L’esperienza delle prime comunità cristiane c’insegna che il giudizio, se pure va preso molto sul serio, non deve indurre paura e comporta pure elementi di gioia. Le prime comunità infatti «erano solite accompagnare le celebrazioni e le preghiere con l’acclamazione “Maranathà”, un’espressione costituita da due parole aramaiche che, a seconda di come vengono scandite, si possono intendere come una supplica: “Vieni, Signore!”, oppure come una certezza alimentata dalla fede: “Sì, il Signore viene, il Signore è vicino”». Che cosa significa? È la «Chiesa-sposa che, a nome dell’umanità intera e in quanto sua primizia, si rivolge a Cristo, suo sposo, non vedendo l’ora di essere avvolta dal suo abbraccio: l’abbraccio di Gesù, che è pienezza di vita e pienezza di amore». Se ci mettiamo in questa prospettiva «ogni paura e titubanza viene meno e lascia spazio all’attesa e a una profonda gioia: sarà proprio il momento in cui verremo giudicati finalmente pronti per essere rivestiti della gloria di Cristo, come di una veste nuziale, ed essere condotti al banchetto, immagine della piena e definitiva comunione con Dio».

C’è una seconda ragione per guardare al giudizio finale con speranza: «nel momento del giudizio, non saremo lasciati soli». La Sacra Scrittura ci fa sapere che Gesù Cristo, la Madonna, i santi saranno con noi. «Che bello sapere che in quel frangente, oltre che su Cristo, nostro Paràclito, nostro Avvocato presso il Padre (cfr 1 Gv 2,1), potremo contare sull’intercessione e sulla benevolenza di tanti nostri fratelli e sorelle più grandi che ci hanno preceduto nel cammino della fede, che hanno offerto la loro vita per noi e che continuano ad amarci in modo indicibile! I santi già vivono al cospetto di Dio, nello splendore della sua gloria pregando per noi che ancora viviamo sulla terra. Quanta consolazione suscita nel nostro cuore questa certezza». Sarà con noi la Chiesa, che «è davvero una madre e, come una mamma, cerca il bene dei suoi figli, soprattutto quelli più lontani e afflitti, finché troverà la sua pienezza nel corpo glorioso di Cristo con tutte le sue membra».

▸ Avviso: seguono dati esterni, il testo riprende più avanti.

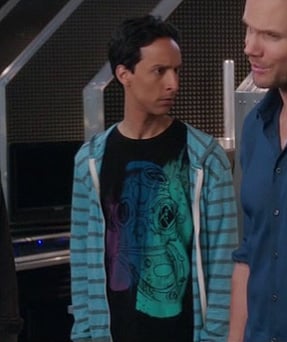 Abed's black dive helmet graphic tee on Community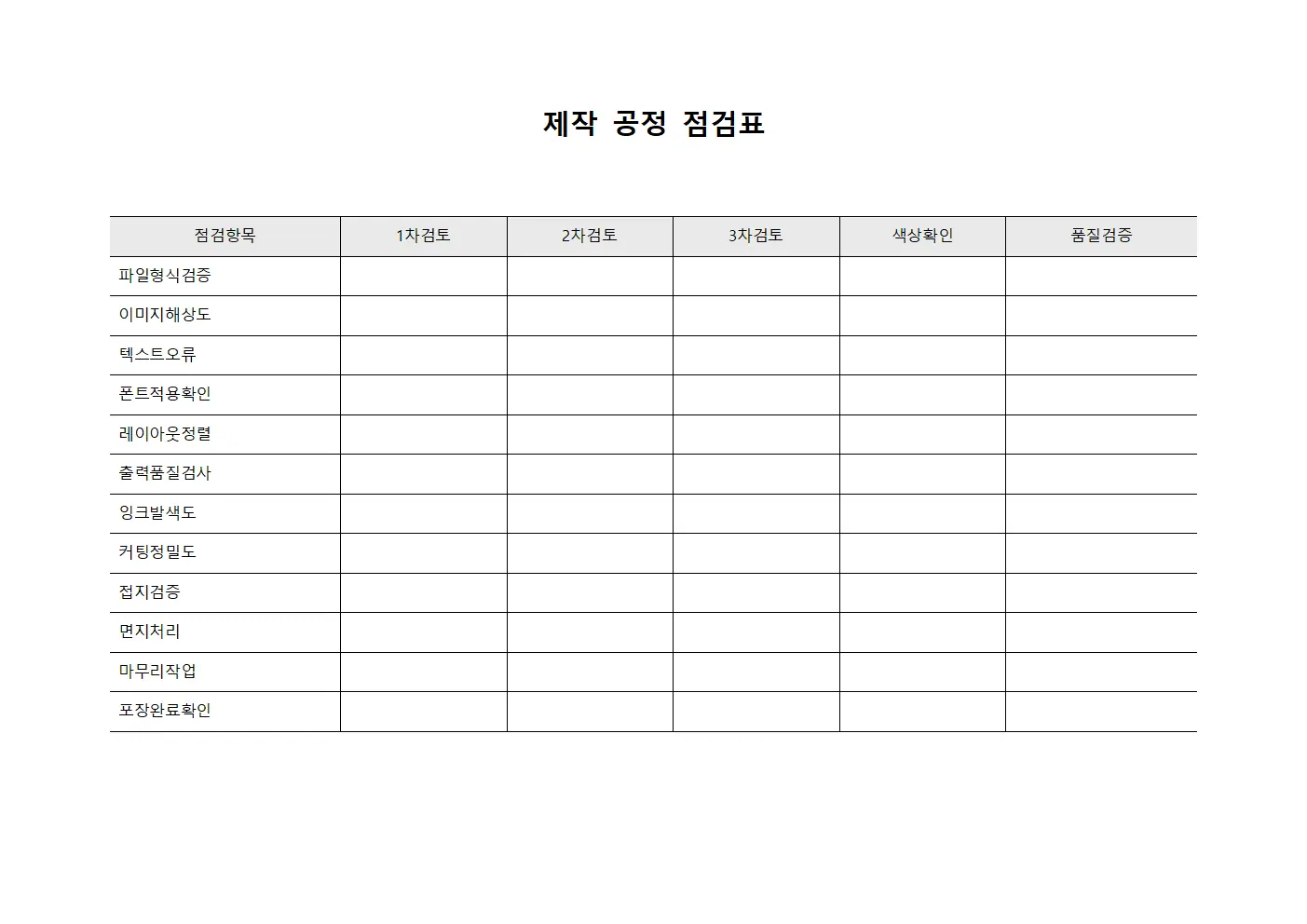 제작 공정 점검표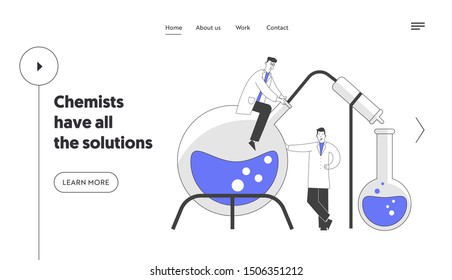 Scientists Conducting Experiments in Science Laboratory Website Landing Page. Male Characters Researchers in Chemical Lab Scientific Research Web Page Banner. Flat Vector Illustration, Line Art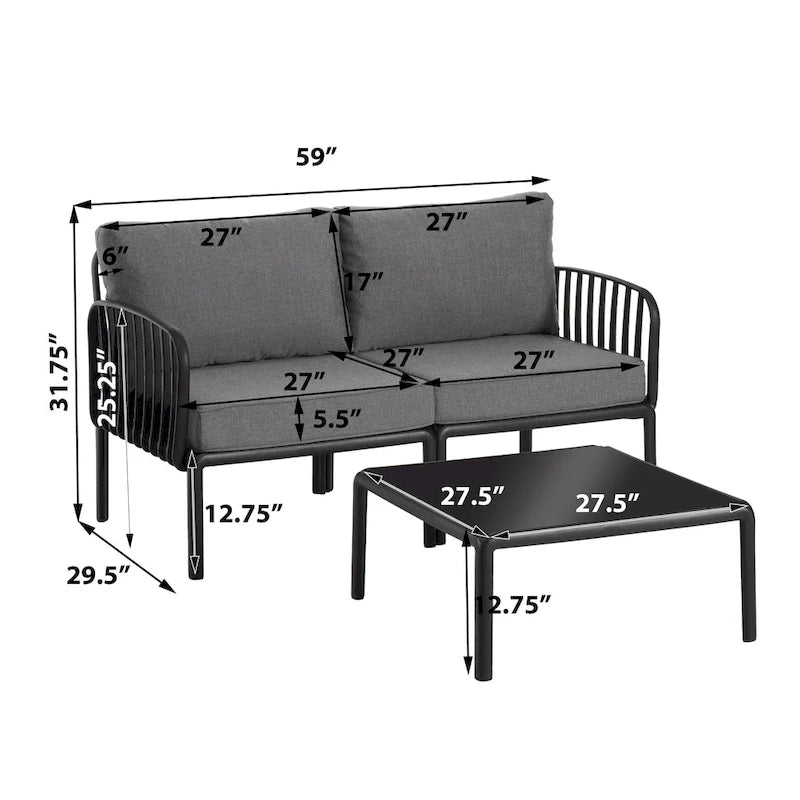 Christopher Knight Home - Afra 3-Piece Modern Patio Conversation Set with Waterproof Cushions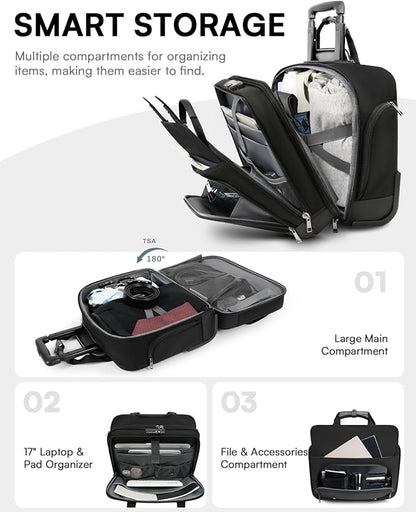 Rolling Laptop Bag, Briefcase for Men and Women, 17 Inch Computer Bag with Wheels Underseat Carry on Luggage, Laptop Briefcase Case for Work, Travel, College Teacher, Mobile Office Bag, Black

Non dobbiamo però credere che tutti saranno ammessi nella comunione con Dio. La stessa Sacra Scrittura c’insegna che alcuni se ne ritroveranno esclusi. Leggiamo nel Vangelo di Giovanni a proposito di Gesù Cristo che «chi crede in lui non è condannato; ma chi non crede è già stato condannato, perché non ha creduto nell’unigenito Figlio di Dio» (Gv 3,17-18). Anzitutto, questo significa «che quel giudizio finale è già in atto, incomincia adesso nel corso della nostra esistenza. Tale giudizio è pronunciato in ogni istante della vita, come riscontro della nostra accoglienza con fede della salvezza presente ed operante in Cristo, oppure della nostra incredulità, con la conseguente chiusura in noi stessi».

La possibilità dell’esclusione dalla comunione con Dio è tragicamente reale. Infatti, «se noi ci chiudiamo all’amore di Gesù, siamo noi stessi che ci condanniamo. La salvezza è aprirsi a Gesù, e Lui ci salva; se siamo peccatori – e lo siamo tutti – Gli chiediamo perdono e se andiamo a Lui con la voglia di essere buoni, il Signore ci perdona. Ma per questo dobbiamo aprirci all’amore di Gesù, che è più forte di tutte le altre cose. L’amore di Gesù è grande, l’amore di Gesù è misericordioso, l’amore di Gesù perdona; ma tu devi aprirti e aprirsi significa pentirsi, accusarsi delle cose che non sono buone e che abbiamo fatto».

Il Signore vorrebbe salvare tutti. Ma «siamo noi che possiamo diventare in un certo senso giudici di noi stessi, autocondannandoci all’esclusione dalla comunione con Dio e con i fratelli». Dobbiamo dunque fin da ora «vigilare sui nostri pensieri e sui nostri atteggiamenti», pensando «a questo giudizio che comincia adesso, è già cominciato».